Law Commission Proposes New Laws For Cyberspace

The Law Commission of New Zealand had proposed the introduction of new laws to regulate the digital environment after conducting a 12 month review into media.

Professor John Burrows, the commissioner leading the review spoke on Radio New Zealand of  the need for a new offence of “maliciously impersonating another person“.  The recommendation followed an enquiry which recognised that there was a lack of a legal remedy for such activities in New Zealand unless the impersonation constitutes an element of fraud.

It was also recommended that it be made an offence “in some circumstances” to publish intimate photographs of another person, even when they were taken with the subject’s
consent.   Incitement to commit suicide is another offence which will be introduced  as a response to evidence that some recent suicides are traceable to Facebook pages.

Whereas the law states that it is an offence to incite suicide only where a person either commits or attempts suicide, the Commissioner expressed a desire to make incitement alone an offence.

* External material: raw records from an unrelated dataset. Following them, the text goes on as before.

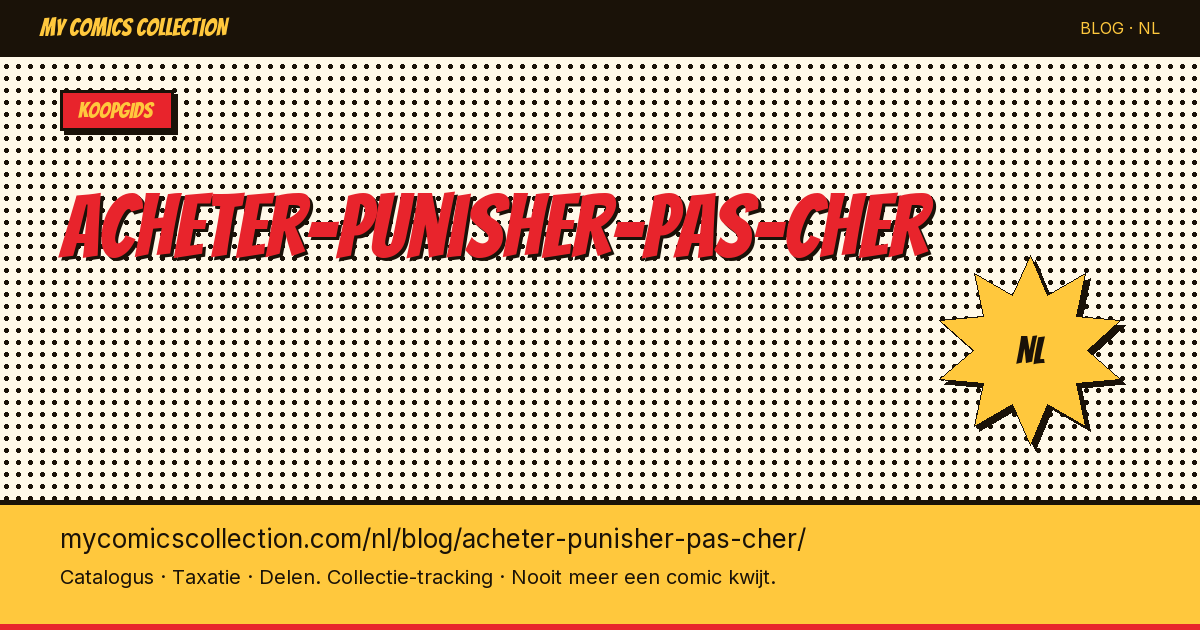 Punisher comics kopen tegen de beste prijs — artikelillustratie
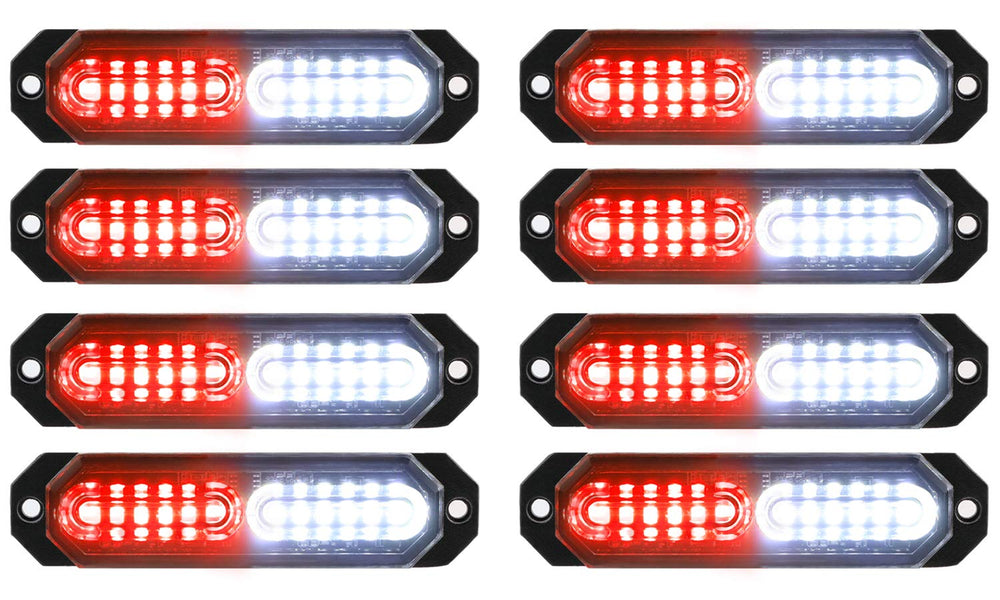 ASPL front view of 8pcs strobe light kit showing compact design and bright output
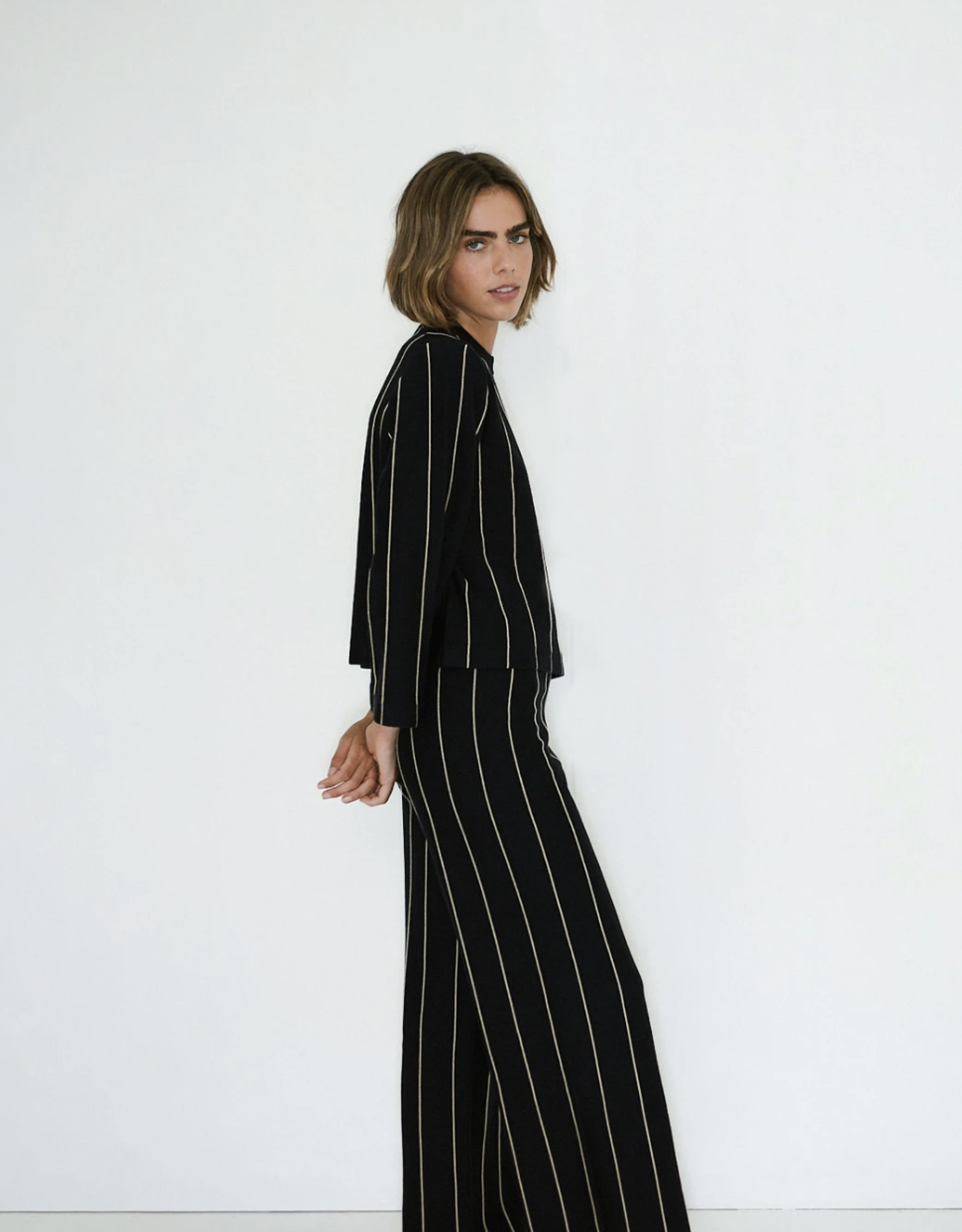 The Tiny Big Sister Pull  Striped 'Chloe' - Navy  - The Tiny Big Sister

The Law Commission reviewed a number of cases in conducting their review of the adequacy of existing laws in new media, prior to releasing their recommendations contained in a discussion paper today.

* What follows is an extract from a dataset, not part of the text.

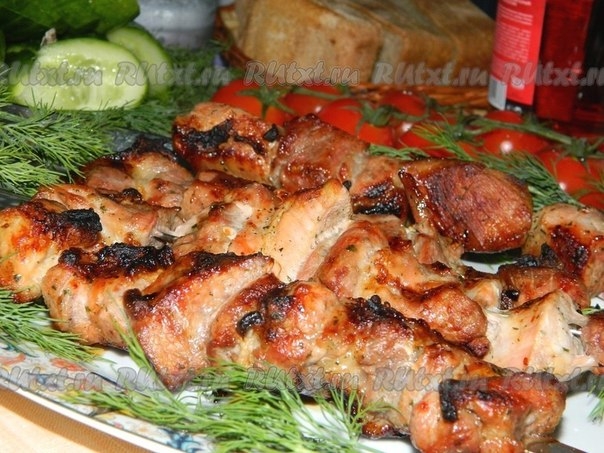 Шашлык в луково-лимонном маринаде Шашлык в луково-лимонном маринаде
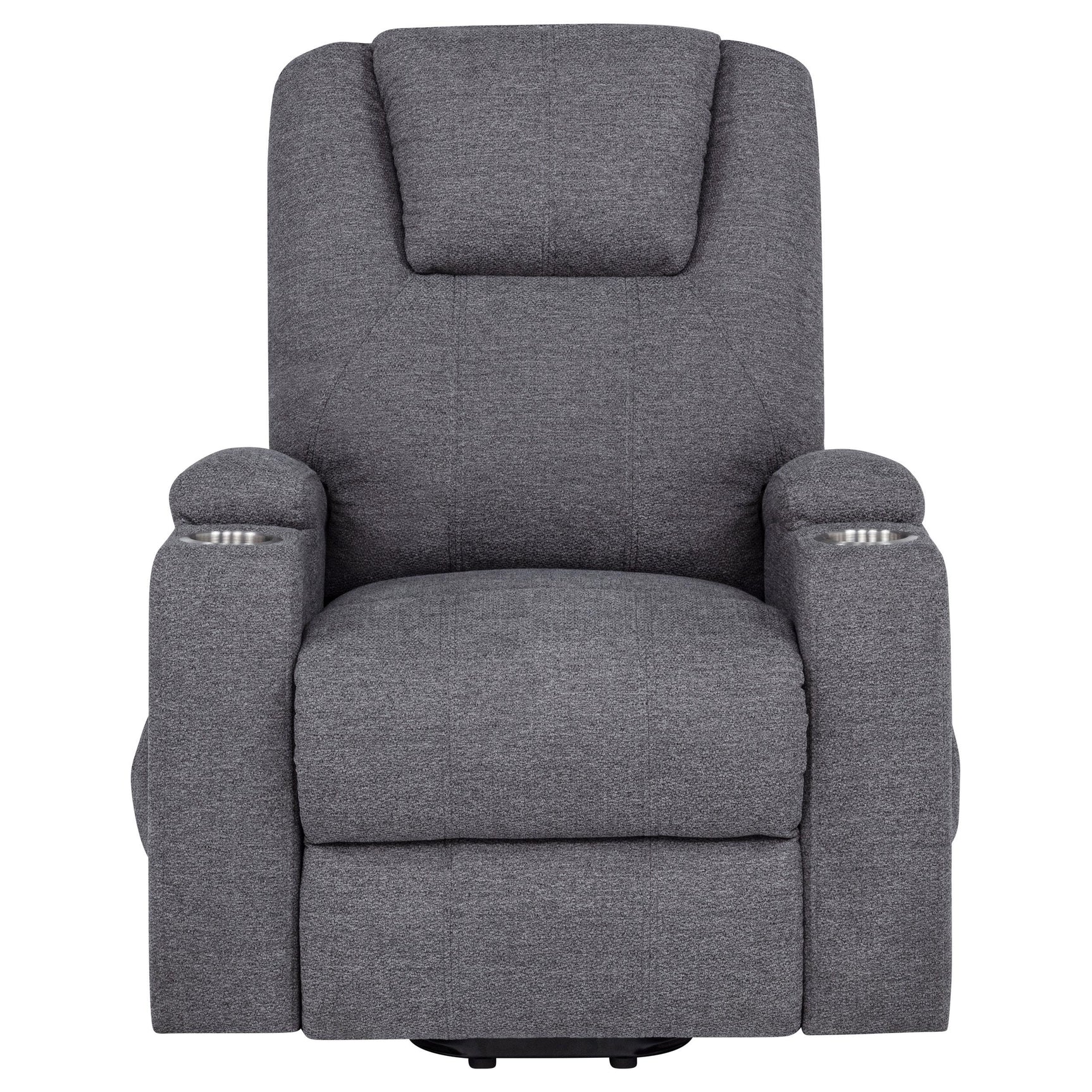 Louie Grey Chenille Power Lift Massage Recliner massage function detail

The Discussion Paper deals with other issues in the regulation of media and will be made available to the New Zealand public until March 12 for the purposes of making submissions to the Law Commission prior to the preparation of a report for the Government.

Related posts:

  1. Victoria’s Workplace Bullying Laws
  2. AFL Broadcasting Rights and Anti-Siphoning Laws – The ‘Other’ Competition
  3. Protecting Cyberspace as a National Asset Act 2010 (PCNAA)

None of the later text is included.